Although the embodiments have been described by the limited embodiments and drawings as described above, various modifications and variations can be made from the above description to those of ordinary skill in the art. For example, the described techniques are performed in a different order from the described method, and/or components such as systems, structures, devices, circuits, etc. described are combined or combined in a form different from the described method, or other components Alternatively, even if substituted or substituted by an equivalent, an appropriate result can be achieved.

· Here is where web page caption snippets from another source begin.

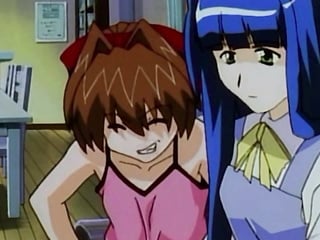 The Slave Stepsisters - Hentai Uncensored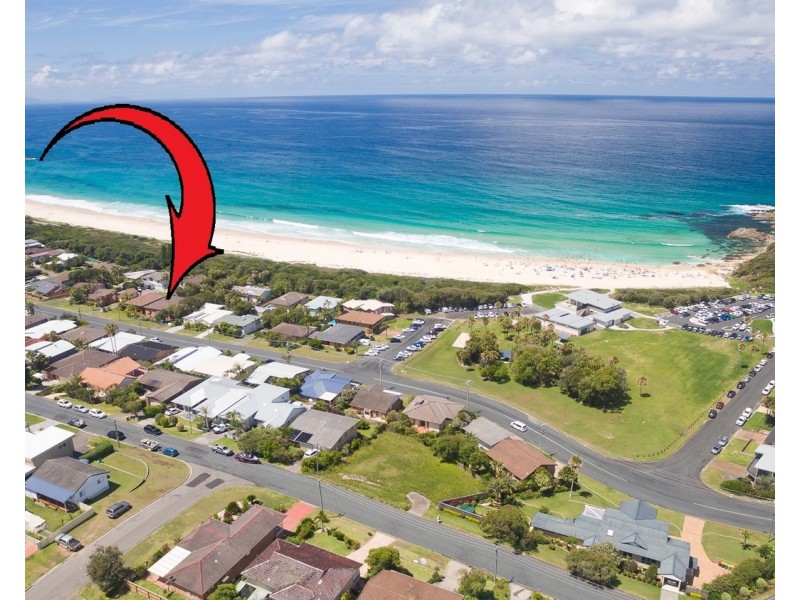 54 Underwood Road, Forster NSW 2428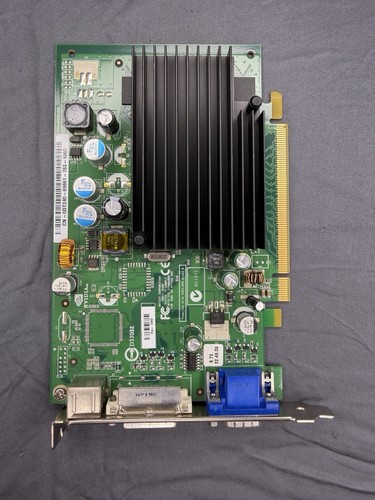 Dell nvidia geforce - geforce, 7300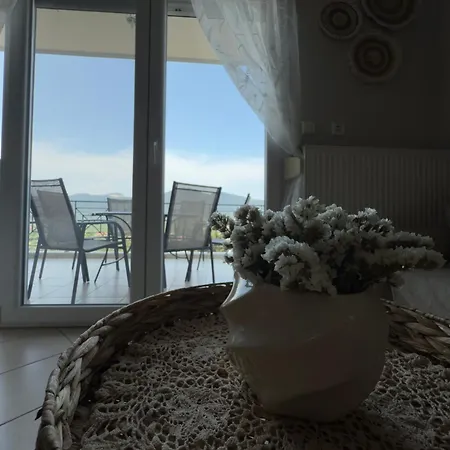 빌라 Hilltop Heaven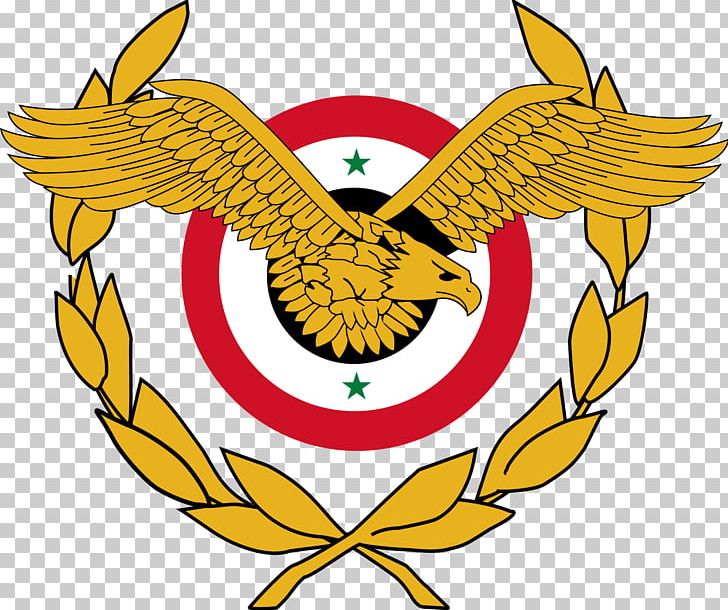 Syrian Air Force Military Air Force Intelligence Directorate PNG, Clipart, Air Force, Army, Artwork, Beak, Commodity Free PNG Download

Therefore, other implementations, other embodiments, and those equivalent to the claims also fall within the scope of the claims to be described later.

Claims

A conversion unit that analyzes unstructured data including any one of text, image, audio, and video and converts it into structured data;

An index unit for generating search data for the pre-stored index data when pre-stored index data for the converted structured data exists;

A parallel processing unit for classifying the generated search data as related related data, sorting and merging the classified related data, and performing distributed processing as correct answer candidate data; And

Extraction unit for extracting correct answer data by filtering the distributedly processed correct answer candidate data based on any one of user preference, relevance factor, and search engine

Real-time distributed indexing system for high-performance inquiries and responses, including.
The method of claim 1,

The conversion unit

A determination unit for determining a type of unstructured data for any one of the text, the image, the audio, and the video;

A language pattern analysis unit that analyzes the text using language pattern recognition when the type of the unstructured data is determined as the text;

An image pattern analysis unit that analyzes the image using image pattern recognition when the type of the unstructured data is determined as the image;

A speech pattern analysis unit that analyzes the speech using speech pattern recognition when the type of the unstructured data is determined as the speech; And

When the type of the unstructured data is determined as the image, an image pattern analysis unit that analyzes the image using image pattern recognition including the image pattern recognition and the voice pattern recognition

Real-time distributed indexing system for high-performance inquiries and responses, including.
The method of claim 1,

The index part

Real-time for high-performance query and response for generating index data for the converted structured data and generating search data for the generated index data when pre-stored index data for the converted structured data does not exist Distributed indexing system.
The method of claim 3,

A storage unit for storing the generated index data and the pre-stored index data

Real-time distributed indexing system for high-performance query and response further comprising a.
The method of claim 1,

The parallel processing unit

A map processing unit for classifying the search data into the relevant related data; And

A reduce processing unit that sorts and merges the related data and distributes them to the correct answer candidate data

Real-time distributed indexing system for high-performance query and response, including.
Analyzing unstructured data including any one of text, image, audio, and video and converting it into structured data;

If pre-stored index data for the converted structured data exists, generating search data for the pre-stored index data;

Classifying the generated search data as related related data, sorting and merging the classified related data, and distributing processing the classified data as candidate answer data; And

Extracting correct answer data by filtering the distributedly processed correct answer candidate data based on any one of a user preference, a relevance factor, and a search engine

Real-time distributed indexing method for high-performance query and response including a.